Curvilinear grids

The Geometries extension

We provide an extension to the standard dg library in dg/geometries/geometries.h with the goal to provide more versatile grids and geometries and especially the utilities to model toroidal magnetic field geometries. Logically, this extension enhances Levels 3 and 4 of the original dg library.

The following code demonstrates how to generate a structured orthogonal grid between two contour lines of a two-dimensional flux-function that models the magnetic flux in a magnetic confinement fusion device.
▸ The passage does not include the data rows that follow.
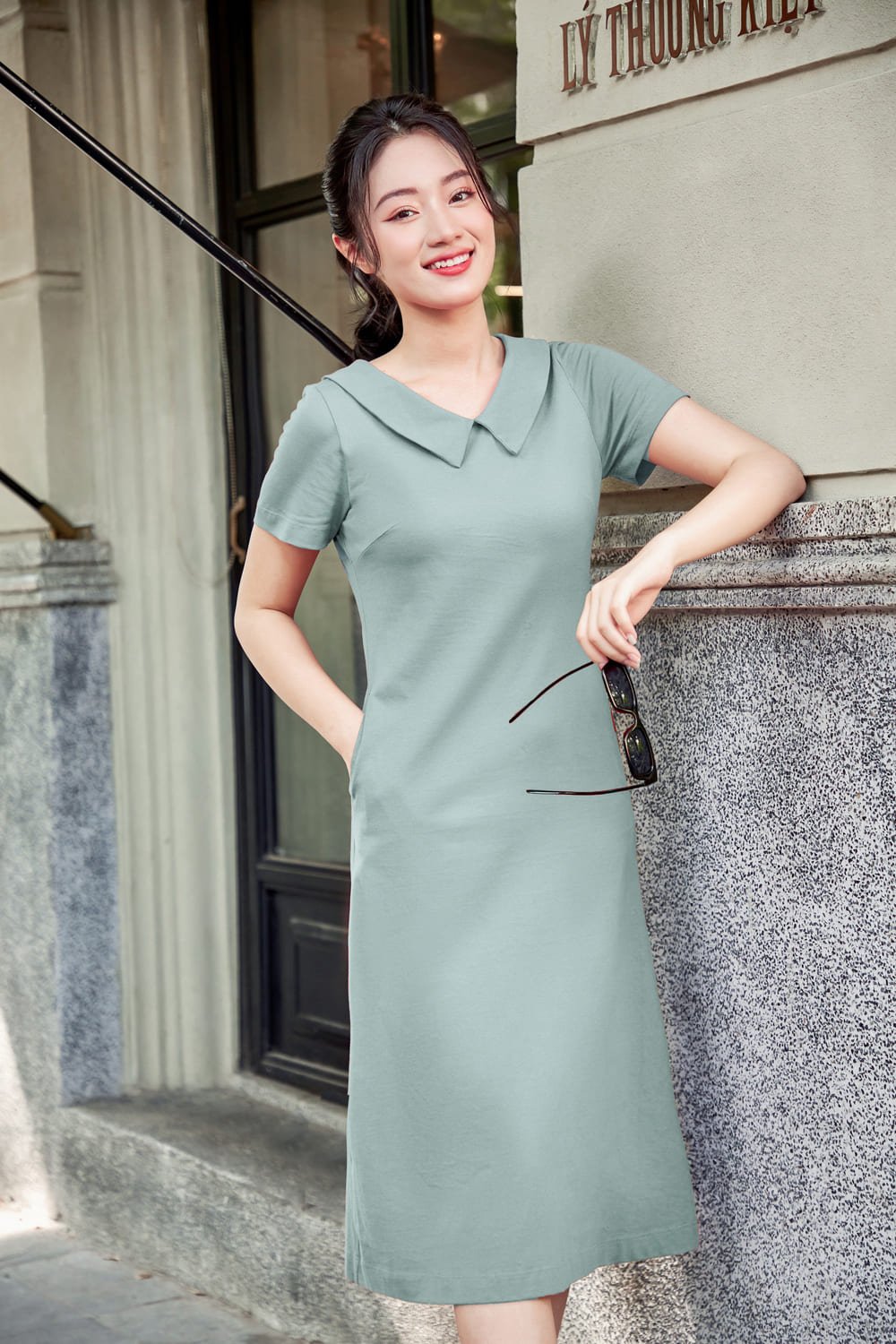 Váy Dáng Suông Nữ Chất Cotton Thoáng Mát In Họa Tiết Đầm Ngắn Tay Hình Gấu  Bông | Shopee Việt Nam
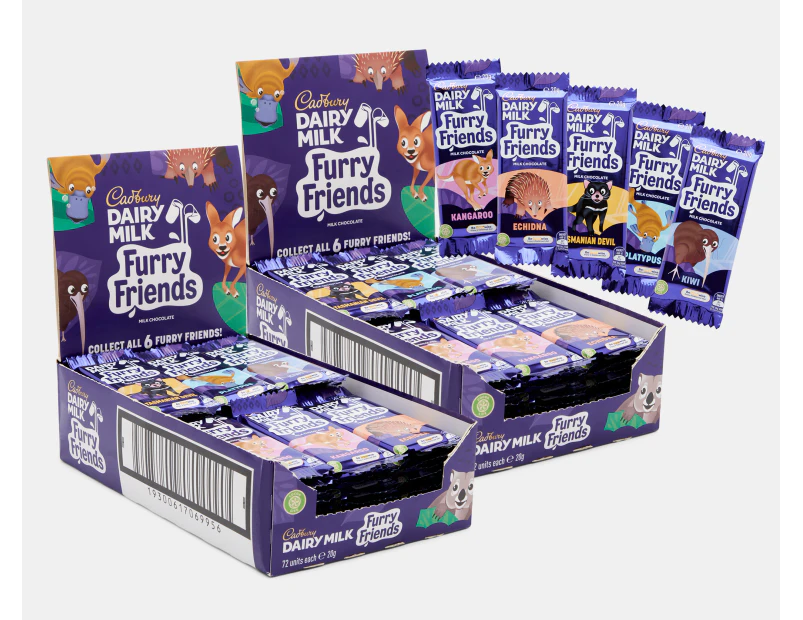 2 x 72pk Cadbury Furry Friends 20g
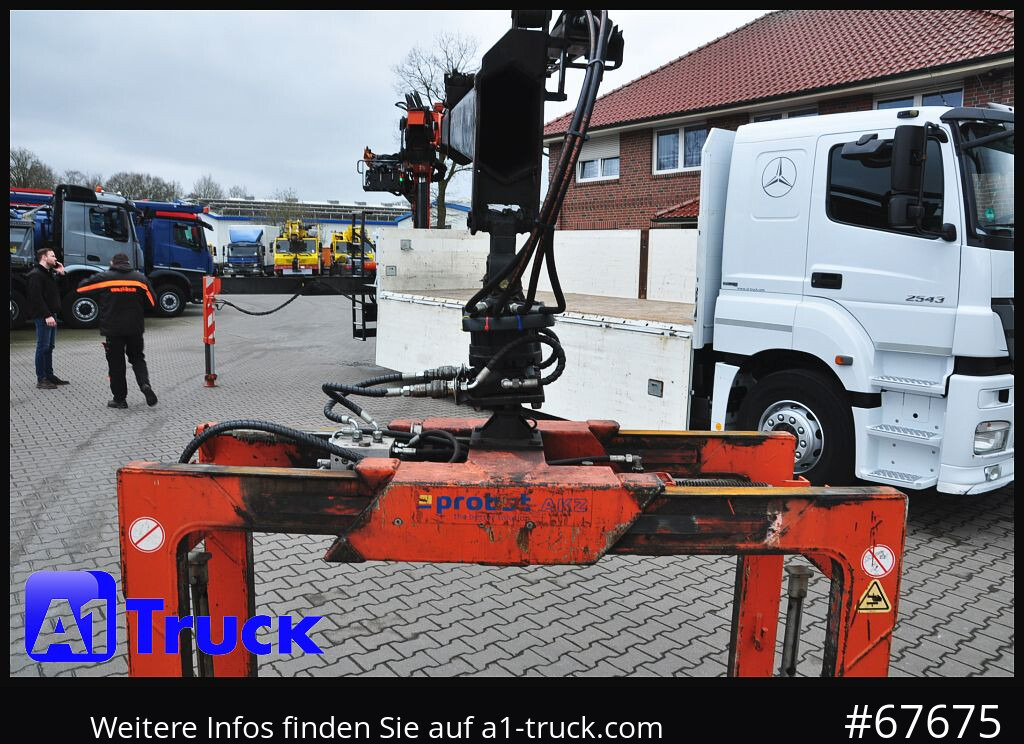 MERCEDES-BENZ Axor 2543, Atlas 170.2 Kran, Lift-Lenkachse, - Autokran, Pritsche LKW: das Bild 3 MERCEDES-BENZ Axor 2543, Atlas 170.2 Kran, Lift-Lenkachse, - Autokran, Pritsche LKW: das Bild 3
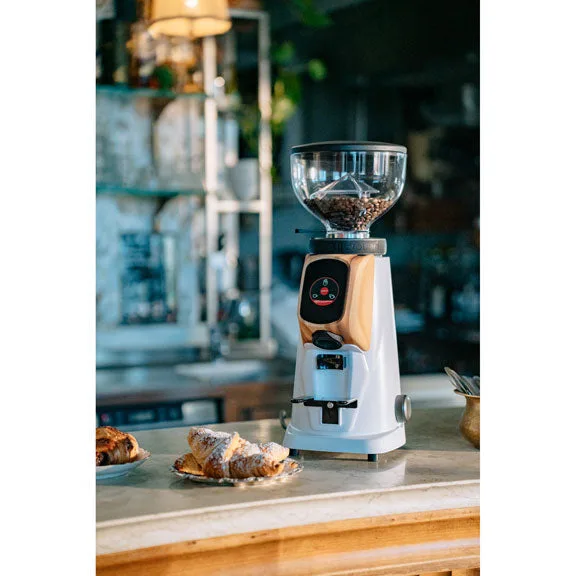Fiorenzato AllGround — AllGround Sense All Purpose Home Coffee Grinder - White w/ Wood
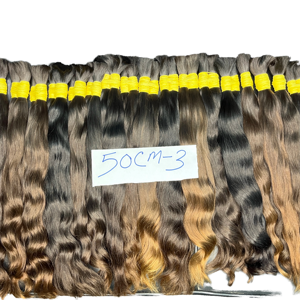 Extensiones de Cabello Virgen Indio Castaño <span class=keywords><strong>Claro</strong></span> Sedoso Liso Ondulado Crudo de Templo de un Solo Donante Cabello Largo Suministro a Granel - Product Image 1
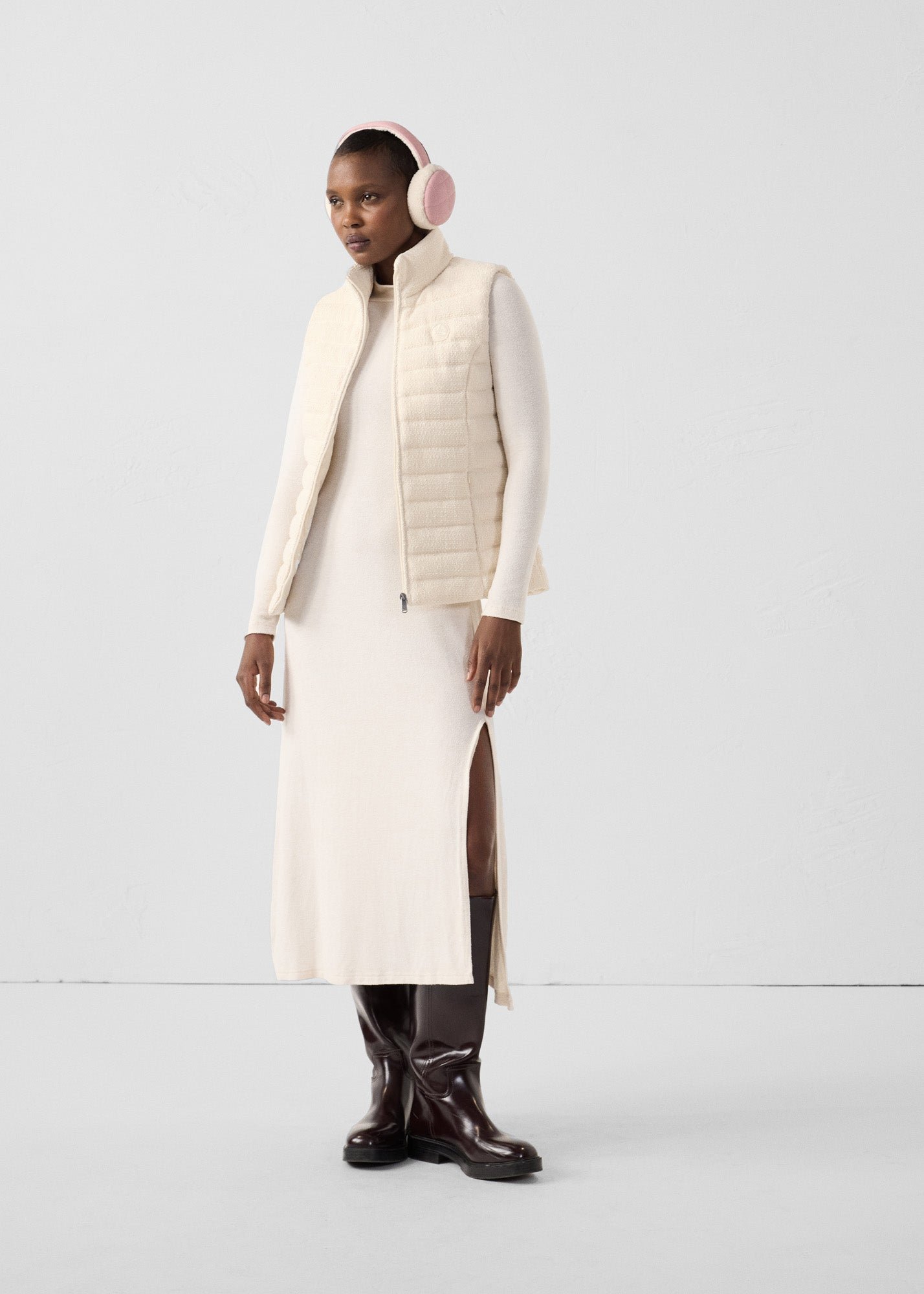 Fuzzy ear muffs JOTT Pink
We then use the volume form of this grid to compute the area integral of a function on the domain.

#include <iostream>
//include the dg-library
#include "dg/algorithm.h"
//include the geometries extension (introduces the dg::geo namespace)
#include "dg/geometries/geometries.h"

// define a function to integrate
double function( double x, double y){
    return x;
}

// parameters for the flux function
dg::geo::solovev::Parameters p;
p.A = 1.;
p.c = { 0.104225846989823495731985393840,
       -0.109784866431799048073838307831,
        0.172906442397641706343124761278,
       -0.0325732004904670117781012296259,
        0.0100841711884676126632200269819,
       -0.00334269397734777931041081168513,
       -0.000108019045920744348891466483526,
        0., 0., 0., 0., 0., 1.};
p.R_0 = 547.891714877869;
// indicate the two contour lines that bound the domain
double psi_0 = -20., psi_1 = -4.;
// create the flux function and its derivatives (up to 2nd order)
dg::geo::CylindricalFunctorsLvl2 psip = dg::geo::solovev::createPsip( p);
// create a grid generator for a simple orthogonal grid
dg::geo::SimpleOrthogonal generator( psip, psi_0, psi_1, p.R_0, 0., 0);
// create a grid with the help of the grid generator
unsigned n = 3, Nx = 8, Ny = 80;
dg::geo::CurvilinearGrid2d g2d( generator, n, Nx, Ny, dg::NEU);
// get an element of the metric tensor
dg::HVec g_xy = g2d.metric().value(0,1);
// let's check if the xy element is really 0
double zero = dg::blas1::dot( g_xy, g_xy);
// lo and behold
std::cout << "Norm of off-diagonal element " << zero << "\n";
// create the volume form
dg::HVec vol2d = dg::create::volume( g2d);
// pull back the function to the grid coordinates
dg::HVec f = dg::pullback( function, g2d);
// compute the area integral on the grid domain
double integral = dg::blas1::dot( vol2d, f);
// rather large ... ( 6.122e7)
std::cout << "The integral is " << integral << "\n";

The first part of the code just defines the parameters of our flux function and is very specific to the type of function we use here. In an application code we will typically write those parameters into an input file and then let the program read in the parameters. With the help of the function and its derivatives we can then construct a generator. This generator can then finally be used to construct a grid. In fact, it constructs the complete coordinate transformation including the Jacobian and metric tensors. Note that the whole process is fully customizable, meaning you can create your own functions, create your own grid generator or even your own grid by deriving from the relevant abstract base class. The documentation will provide further detail on this.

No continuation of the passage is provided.